-- Task prompt --
Output only the lines from the start of the entries through the line holding "Półfabrykaty do biżuterii". Each line must match the original exactly.
(Data)
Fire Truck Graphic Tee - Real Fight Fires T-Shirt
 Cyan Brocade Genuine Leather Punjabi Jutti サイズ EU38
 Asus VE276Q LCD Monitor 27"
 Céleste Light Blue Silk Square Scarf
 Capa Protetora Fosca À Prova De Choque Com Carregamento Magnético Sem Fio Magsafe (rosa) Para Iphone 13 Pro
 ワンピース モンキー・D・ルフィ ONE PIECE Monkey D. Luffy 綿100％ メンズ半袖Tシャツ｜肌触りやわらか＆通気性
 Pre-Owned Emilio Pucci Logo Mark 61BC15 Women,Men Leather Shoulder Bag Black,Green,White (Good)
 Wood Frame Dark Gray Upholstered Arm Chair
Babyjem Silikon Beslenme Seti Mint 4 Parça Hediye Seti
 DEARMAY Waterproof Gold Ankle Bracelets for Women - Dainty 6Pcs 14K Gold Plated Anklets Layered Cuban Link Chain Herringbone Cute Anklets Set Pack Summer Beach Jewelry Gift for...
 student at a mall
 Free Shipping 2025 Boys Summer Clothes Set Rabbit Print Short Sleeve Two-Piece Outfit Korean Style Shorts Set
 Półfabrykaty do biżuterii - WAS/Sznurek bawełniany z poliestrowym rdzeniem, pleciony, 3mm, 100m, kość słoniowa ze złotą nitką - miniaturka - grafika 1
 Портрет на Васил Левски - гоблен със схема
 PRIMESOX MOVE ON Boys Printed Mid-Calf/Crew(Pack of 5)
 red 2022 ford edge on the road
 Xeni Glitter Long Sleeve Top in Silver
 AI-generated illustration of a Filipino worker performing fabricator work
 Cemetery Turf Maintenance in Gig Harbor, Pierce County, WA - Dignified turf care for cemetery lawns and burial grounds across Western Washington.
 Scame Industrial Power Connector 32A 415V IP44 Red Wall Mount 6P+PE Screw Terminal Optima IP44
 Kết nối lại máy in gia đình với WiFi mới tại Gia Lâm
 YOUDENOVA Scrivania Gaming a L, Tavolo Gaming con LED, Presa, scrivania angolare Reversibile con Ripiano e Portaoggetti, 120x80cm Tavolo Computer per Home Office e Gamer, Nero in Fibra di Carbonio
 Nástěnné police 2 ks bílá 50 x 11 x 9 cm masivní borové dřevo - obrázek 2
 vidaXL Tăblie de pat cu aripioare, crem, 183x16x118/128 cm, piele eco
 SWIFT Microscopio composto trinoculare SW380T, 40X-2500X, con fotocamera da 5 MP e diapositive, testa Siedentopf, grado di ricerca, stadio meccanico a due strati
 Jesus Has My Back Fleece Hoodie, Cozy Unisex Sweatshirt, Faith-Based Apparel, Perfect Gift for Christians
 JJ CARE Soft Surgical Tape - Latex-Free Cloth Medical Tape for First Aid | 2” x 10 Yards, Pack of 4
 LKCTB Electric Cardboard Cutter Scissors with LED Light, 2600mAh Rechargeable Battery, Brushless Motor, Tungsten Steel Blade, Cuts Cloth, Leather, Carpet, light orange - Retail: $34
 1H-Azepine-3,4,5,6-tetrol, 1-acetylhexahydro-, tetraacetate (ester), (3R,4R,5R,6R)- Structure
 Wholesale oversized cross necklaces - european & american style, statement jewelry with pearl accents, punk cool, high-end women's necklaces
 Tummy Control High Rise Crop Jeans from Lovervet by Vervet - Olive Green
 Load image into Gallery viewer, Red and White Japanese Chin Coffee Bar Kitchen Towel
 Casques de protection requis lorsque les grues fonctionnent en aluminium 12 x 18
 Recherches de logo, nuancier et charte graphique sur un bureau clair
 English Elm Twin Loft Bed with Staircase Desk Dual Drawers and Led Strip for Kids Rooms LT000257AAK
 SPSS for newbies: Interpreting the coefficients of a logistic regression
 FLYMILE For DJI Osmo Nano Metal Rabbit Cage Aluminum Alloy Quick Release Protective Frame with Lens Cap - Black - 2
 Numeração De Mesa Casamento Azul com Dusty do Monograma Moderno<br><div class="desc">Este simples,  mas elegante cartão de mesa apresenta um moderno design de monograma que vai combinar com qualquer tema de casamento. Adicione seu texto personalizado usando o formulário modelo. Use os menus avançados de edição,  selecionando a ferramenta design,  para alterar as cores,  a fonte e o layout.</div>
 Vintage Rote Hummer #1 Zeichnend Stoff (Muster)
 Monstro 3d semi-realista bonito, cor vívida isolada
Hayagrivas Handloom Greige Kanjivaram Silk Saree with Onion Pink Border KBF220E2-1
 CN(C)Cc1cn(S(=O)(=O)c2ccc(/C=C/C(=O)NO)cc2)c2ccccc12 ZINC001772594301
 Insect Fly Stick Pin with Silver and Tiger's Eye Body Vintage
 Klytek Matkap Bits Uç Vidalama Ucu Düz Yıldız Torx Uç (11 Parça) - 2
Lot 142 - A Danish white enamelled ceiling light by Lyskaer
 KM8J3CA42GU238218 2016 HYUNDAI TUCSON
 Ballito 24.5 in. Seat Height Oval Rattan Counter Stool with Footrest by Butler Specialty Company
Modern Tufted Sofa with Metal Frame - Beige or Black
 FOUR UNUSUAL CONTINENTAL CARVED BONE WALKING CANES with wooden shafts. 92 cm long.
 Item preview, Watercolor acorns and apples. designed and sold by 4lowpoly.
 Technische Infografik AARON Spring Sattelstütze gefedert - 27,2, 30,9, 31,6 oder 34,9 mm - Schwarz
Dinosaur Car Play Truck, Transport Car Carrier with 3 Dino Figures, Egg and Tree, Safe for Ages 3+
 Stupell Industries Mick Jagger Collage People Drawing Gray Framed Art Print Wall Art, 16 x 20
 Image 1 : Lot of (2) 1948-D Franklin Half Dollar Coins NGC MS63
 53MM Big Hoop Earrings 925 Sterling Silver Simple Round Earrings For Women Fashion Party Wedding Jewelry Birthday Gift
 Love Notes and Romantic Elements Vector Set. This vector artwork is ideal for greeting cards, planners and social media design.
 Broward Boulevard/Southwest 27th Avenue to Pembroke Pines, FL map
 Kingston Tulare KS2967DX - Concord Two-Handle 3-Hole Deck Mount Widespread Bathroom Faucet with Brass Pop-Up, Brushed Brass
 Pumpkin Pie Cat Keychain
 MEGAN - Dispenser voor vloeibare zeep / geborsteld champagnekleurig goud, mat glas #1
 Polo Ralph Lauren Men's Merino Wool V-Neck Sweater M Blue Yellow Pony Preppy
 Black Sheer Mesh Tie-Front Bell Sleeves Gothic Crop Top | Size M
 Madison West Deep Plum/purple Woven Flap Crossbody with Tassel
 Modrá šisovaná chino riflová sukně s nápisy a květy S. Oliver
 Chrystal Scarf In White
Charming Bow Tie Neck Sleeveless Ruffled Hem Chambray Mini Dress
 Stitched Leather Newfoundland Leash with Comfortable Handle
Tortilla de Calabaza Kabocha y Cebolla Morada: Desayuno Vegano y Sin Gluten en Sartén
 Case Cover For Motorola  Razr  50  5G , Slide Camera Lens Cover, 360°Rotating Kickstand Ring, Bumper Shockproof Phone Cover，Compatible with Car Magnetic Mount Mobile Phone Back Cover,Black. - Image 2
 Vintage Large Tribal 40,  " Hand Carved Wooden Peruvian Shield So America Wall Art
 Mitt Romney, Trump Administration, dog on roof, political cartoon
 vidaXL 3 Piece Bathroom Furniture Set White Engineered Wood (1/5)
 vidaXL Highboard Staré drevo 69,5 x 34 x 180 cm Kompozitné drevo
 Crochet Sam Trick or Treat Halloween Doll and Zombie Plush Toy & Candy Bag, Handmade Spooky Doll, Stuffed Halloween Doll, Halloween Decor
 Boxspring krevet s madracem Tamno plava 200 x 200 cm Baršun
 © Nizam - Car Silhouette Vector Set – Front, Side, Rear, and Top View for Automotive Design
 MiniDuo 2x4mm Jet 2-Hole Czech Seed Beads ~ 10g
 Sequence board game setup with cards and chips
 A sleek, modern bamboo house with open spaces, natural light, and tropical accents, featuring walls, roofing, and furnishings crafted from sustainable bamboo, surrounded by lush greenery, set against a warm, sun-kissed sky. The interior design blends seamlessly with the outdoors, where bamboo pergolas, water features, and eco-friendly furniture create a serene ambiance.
(End Data)
-- Result --
Fire Truck Graphic Tee - Real Fight Fires T-Shirt
 Cyan Brocade Genuine Leather Punjabi Jutti サイズ EU38
 Asus VE276Q LCD Monitor 27"
 Céleste Light Blue Silk Square Scarf
 Capa Protetora Fosca À Prova De Choque Com Carregamento Magnético Sem Fio Magsafe (rosa) Para Iphone 13 Pro
 ワンピース モンキー・D・ルフィ ONE PIECE Monkey D. Luffy 綿100％ メンズ半袖Tシャツ｜肌触りやわらか＆通気性
 Pre-Owned Emilio Pucci Logo Mark 61BC15 Women,Men Leather Shoulder Bag Black,Green,White (Good)
 Wood Frame Dark Gray Upholstered Arm Chair
Babyjem Silikon Beslenme Seti Mint 4 Parça Hediye Seti
 DEARMAY Waterproof Gold Ankle Bracelets for Women - Dainty 6Pcs 14K Gold Plated Anklets Layered Cuban Link Chain Herringbone Cute Anklets Set Pack Summer Beach Jewelry Gift for...
 student at a mall
 Free Shipping 2025 Boys Summer Clothes Set Rabbit Print Short Sleeve Two-Piece Outfit Korean Style Shorts Set
 Półfabrykaty do biżuterii - WAS/Sznurek bawełniany z poliestrowym rdzeniem, pleciony, 3mm, 100m, kość słoniowa ze złotą nitką - miniaturka - grafika 1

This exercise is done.